Not an engineer here, but combining a design like that along with a concept I’ve played with in the idea stage, might do a lot for energy use. The concept I’ve played with is sort of a simplified low-tech geothermal idea for individual dwellings that also addresses the desire for decent ventilation levels. Basically you run radiating/reverse-radiating pipes through the ground and pump air into the house with simply fan power after it runs through the pipes: the air being pumped in will tend to be warmed by the ground in the winter and cooled by the ground in the summer: instead of hot or cold air wisping into and out of the house randomly through vents and cracks there’s a constant supply of fresh air at a “better than outside” temperature constantly being pumped into a slightly-over-pressured home.
Hey, seems like a decent idea… but like I say, I ain’t a injineer!
:>
MJM

Tom in Florida
September 12, 2012 5:19 pm

“homeowners can retrofit the attic with the new design for about $2,000 and save $100 a year.”
20 years to break even not counting a return on an alternate investment. No thanks.

Keith Minto
September 12, 2012 5:41 pm

As mentioned above, double roofs are very effective in tropical Australia, but here is a design from the UK for offices that, to me are very attractive, and a design like this may be a good promotional tool if ‘eco’ is part of your business model.
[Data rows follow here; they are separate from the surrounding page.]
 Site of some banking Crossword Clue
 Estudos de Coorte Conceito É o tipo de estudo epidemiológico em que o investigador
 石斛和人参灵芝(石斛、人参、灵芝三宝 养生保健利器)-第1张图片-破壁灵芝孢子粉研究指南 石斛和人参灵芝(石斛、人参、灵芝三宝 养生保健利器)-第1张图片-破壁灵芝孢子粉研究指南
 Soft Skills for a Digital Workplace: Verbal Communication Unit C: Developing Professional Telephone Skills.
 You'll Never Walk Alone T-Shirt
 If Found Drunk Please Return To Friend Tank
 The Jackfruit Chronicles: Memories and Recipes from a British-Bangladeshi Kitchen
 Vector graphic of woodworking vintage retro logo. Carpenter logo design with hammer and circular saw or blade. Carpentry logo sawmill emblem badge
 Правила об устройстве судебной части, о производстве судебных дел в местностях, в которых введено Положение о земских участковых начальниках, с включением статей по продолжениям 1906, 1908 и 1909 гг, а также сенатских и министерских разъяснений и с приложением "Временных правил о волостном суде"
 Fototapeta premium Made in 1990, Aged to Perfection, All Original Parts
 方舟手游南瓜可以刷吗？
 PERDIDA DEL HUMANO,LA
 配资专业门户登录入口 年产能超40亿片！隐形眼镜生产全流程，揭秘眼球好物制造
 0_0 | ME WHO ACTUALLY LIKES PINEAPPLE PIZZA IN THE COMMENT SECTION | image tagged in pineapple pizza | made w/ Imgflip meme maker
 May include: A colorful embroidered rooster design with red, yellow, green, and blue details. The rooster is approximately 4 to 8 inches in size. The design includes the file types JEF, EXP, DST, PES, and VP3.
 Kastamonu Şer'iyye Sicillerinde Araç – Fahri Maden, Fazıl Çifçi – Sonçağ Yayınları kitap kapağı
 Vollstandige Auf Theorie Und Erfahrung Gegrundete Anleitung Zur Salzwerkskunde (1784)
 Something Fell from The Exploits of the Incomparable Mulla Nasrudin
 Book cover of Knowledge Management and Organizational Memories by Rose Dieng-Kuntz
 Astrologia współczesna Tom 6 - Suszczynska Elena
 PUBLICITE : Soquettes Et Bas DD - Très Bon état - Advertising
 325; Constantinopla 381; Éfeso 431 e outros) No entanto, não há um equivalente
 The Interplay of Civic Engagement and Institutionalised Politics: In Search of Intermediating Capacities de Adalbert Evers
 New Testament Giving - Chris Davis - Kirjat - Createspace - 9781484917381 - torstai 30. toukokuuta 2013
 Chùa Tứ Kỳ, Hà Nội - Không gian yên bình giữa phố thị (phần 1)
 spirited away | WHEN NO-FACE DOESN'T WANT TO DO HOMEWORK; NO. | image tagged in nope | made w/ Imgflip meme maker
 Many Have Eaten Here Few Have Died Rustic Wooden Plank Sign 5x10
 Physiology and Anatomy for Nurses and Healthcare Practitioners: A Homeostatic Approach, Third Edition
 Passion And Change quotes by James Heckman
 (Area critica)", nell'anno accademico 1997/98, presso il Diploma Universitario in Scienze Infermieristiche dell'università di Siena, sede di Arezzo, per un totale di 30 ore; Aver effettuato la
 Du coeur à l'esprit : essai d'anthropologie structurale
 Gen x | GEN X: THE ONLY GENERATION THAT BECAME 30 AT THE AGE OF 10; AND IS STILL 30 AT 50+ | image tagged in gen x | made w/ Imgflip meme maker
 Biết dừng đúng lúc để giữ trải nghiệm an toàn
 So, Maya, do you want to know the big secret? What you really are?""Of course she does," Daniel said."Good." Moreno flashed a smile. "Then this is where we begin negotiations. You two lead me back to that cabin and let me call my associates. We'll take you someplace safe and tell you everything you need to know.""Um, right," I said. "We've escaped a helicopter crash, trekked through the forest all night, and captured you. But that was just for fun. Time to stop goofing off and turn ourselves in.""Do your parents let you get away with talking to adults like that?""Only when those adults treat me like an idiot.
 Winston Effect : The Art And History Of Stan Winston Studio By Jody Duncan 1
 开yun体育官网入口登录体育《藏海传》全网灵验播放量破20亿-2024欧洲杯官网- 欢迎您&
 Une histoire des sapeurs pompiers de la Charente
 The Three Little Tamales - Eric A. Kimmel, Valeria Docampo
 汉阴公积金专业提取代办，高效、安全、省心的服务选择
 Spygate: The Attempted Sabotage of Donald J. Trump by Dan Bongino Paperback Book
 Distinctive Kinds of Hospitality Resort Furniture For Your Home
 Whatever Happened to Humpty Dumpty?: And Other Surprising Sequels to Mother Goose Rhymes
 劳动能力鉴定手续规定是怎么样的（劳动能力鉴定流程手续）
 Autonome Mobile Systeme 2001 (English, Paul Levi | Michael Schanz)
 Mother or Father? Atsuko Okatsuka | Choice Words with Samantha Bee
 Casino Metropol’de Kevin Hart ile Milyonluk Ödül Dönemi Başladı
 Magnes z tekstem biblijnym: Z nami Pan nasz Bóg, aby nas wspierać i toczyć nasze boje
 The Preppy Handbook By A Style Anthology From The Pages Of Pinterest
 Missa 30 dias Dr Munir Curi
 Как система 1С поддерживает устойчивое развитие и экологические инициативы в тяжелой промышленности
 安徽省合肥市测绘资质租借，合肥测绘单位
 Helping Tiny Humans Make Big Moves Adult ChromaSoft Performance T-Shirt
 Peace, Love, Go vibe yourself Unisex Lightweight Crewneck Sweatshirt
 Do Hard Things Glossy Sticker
September 12, 2012 6:07 pm

This is not a ‘new’ design, so there should be no concerns about someone trying to patent it.
My house roof incorporates a roof identical to this and was built in 1990-91. The design was a standard feature of the EXN modular system developed by Réunion Island architect Maurice Tomi. The system became popular after a Category 4 hit Réunion and in many places only Tomi’s buildings were left standing.
Our place didn’t move, didn’t even ‘sing’ in a 200km/hr wind last year.
The system incorporates ‘umbrella’ framing, steel-cored columns with an F28 grade cruciform hardwood stud surround, and hardwood girder trusses. Renders internal walls non load-bearing and therefore optional.
Maurice’s design is a bit expensive to build these days. I have subsequently built two dwellings that have the same type of roof & ceiling using cold-formed steel portal frame.

jbutzi
September 12, 2012 6:42 pm

Good intent, but there are better and cheaper ways to accomplish the same purpose!
This is overly complex and costly and their cost estimate is not even close. $2,000 would not cover the material cost of any one of those three extra layers. Who pays (or charges) $8,000 to seal ductwork? Seems to be 10x the real cost.
What world do these people live in? It is not one I recognize as a practicing architect and builder.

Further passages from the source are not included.